The graph is plotted for observed activity versus residual (Fig. 4) and predicted activity versus residual (Fig. 5). The finalized descriptors are found to be the members of topological descriptors in model 1.

5 External Validation

All the three models are externally validated with validation set of eight compounds. On the basis of predictive power model 1 is selected by internal validation. A validation set is constructed with the other five molecules and external validation is done using descriptors of the model 1. Observed activity Vs calculated activity graph for validation set shows that all compounds of this set located symmetrically around the best fit line (Fig. 6). Thus model 1 are externally validated with five compounds with the values 0.980 and 0.9606 for the correlation coefficient R and the squared correlation coefficient r2(R) respectively.

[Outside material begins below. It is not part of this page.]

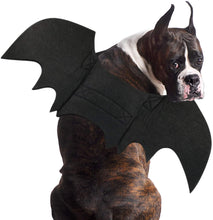 Load image into Gallery viewer, Halloween Costume Rypet Dog Bat  -  Pet  Bat Wings Cosplay Dog  Cat  for Party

$$ \begin{aligned} & log\,\left( {PI/100 - PI} \right) = - \,0.3700\,\left( { \pm 2.0994} \right)\,SPC - 6 + 0.8626\,\left( { \pm 4.2198} \right)\,MDEC - 12 \\ & \quad + 123.0171\,\left( { \pm 1003.2860} \right)\,BCUTw - 1h - 1967.2691\,\left( { \pm 16043.2591} \right) \\ \end{aligned} $$
$${{\left( {n = 5;\,R = 0.980;\,s = 0.043;\,F = 8.120;\,p = 0.2512;\,Q^{2} = Not\,Pred.;\,SPress = Not\,Pred.;\,SDEP = Not\,Pred.} \right)} }$$

6 Conclusion

Innumerable QSAR models have been built in last 50 years drug designing of antimycobacterial agents [30], antituberculosis agents [31], acetylcholinesterase inhibitors [31] and estrogen receptor agonist and antagonists [32]. Mast cell stabilizers can act as inhibitors on human basophil cells and thus they are potent anti allergic drugs.In earlier work, Unangst et al. in 1989 concludes that N –phenyl analogue of indolecarboxamidotetrazole inhibits histamine release from human leukocytes after stimulating with anti-IgE antibody (18), compared to the substitution N-H and N-methyl compounds. These compounds are marked as compound no. 7, 11 and 16 in our dataset respectively and their calculated activity using QSAR model correlates with their observed activity. In this QSAR model developed by using multiple linear regression (MLR) analysis, the cross-validated values of maximum Q2 and minimum SDEP correlates with the goodness of prediction, whereas the non-cross-validated conventional correlation coefficient (R2) defines the goodness of fit of the model. Based on the most predictable QSAR model 1, it can be inferred that inhibitory activity will be decreased with the following substituent, namely halogen substitution in 5th position at R1 of indole ring, OEt, OCH(Me)2 substitutions in R3 of indole ring. The model is also valid for other five carboxamidotetrazole derivatives of furan, thiophene, naphthalene and benzothiophene derivatives. So, it can be concluded that irrespective of nature of substituents the basic structure of this twenty one compounds are responsible for their action as mast cell stabilizer.

We hope that the derived models and effect of substituents can be used in searching more potential mast cell stabilizers from the natural resources prior to experimental evaluation for our future work.